O desenhista sueco, alvo do atentado de sábado em Copenhague, conta como convive com o medo de um ataque

Lars Vilks, em uma foto tirada em 3 de janeiro de 2012, em Nyhamnslage (Suécia).
Lars Vilks, em uma foto tirada em 3 de janeiro de 2012, em Nyhamnslage (Suécia).bjorn lindgren (AFP)

“Os disparos pareciam não terminar nunca. Mas, na realidade, só conseguimos ouvir o ataque. Entre nós e o assassino havia uma parede.” A voz de Lars Vilks, o desenhista sueco que era o alvo do atentado de sábado em Copenhague, parece tranquila. Está acostumado às ameaças de morte desde que, em 2007, realizou uma série de desenhos para uma mostra, onde representava Maomé com os traços de um cachorro. “Nunca foi minha intenção ofender o profeta. Fiz isso para reafirmar que a arte deve ser livre”, explicou em diferentes ocasiões.

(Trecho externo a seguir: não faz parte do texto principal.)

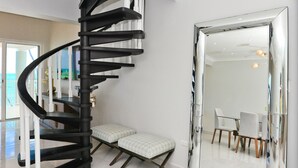 Ein modernes Interieur mit einer Wendeltreppe, einem großen Spiegel und einem Essbereich.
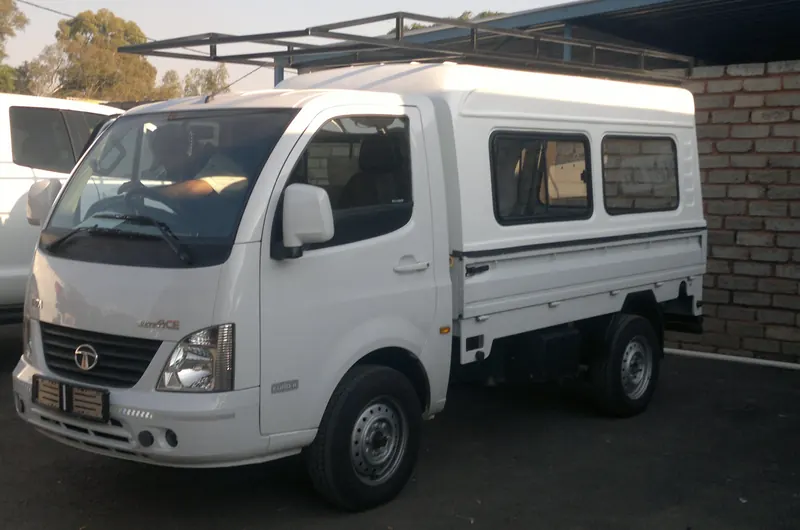 White Tata Super Ace with canopy and steel roof rack, front view.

Desde então, sobreviveu a dois atentados, vive com escolta em um local secreto, dorme com um machado debaixo do travesseiro e construiu um refúgio blindado em casa, caso alguém consiga entrar. [Vilks anunciou nesta segunda-feira que ficará recluso em um lugar “totalmente desconhecido” durante “uns dias ou uma semana”]. “Estou preparado para esse tipo de coisa. Pode ser que os participantes do encontro de Copenhague tenham vivido momentos terríveis, medo, horror. Não posso falar o mesmo, pois convivo com as ameaças há muitos anos. E estou bem protegido.”

Pergunta. Você era o alvo do atentado?

Resposta. Eu diria que era o candidato com mais chances na sala...

Minha intenção não foi ofender. Fiz isso para reafirmar que a arte deve ser livre”

P. O que aconteceu depois dos disparos?

R. Os homens da minha escolta sabem o que fazer neste tipo de situação. Eles me separaram dos demais e me levaram a um lugar seguro, onde falei com os investigadores.

P. Faz algum tempo você denunciou que cada vez recebe menos convites para falar em público. Sua presença assusta?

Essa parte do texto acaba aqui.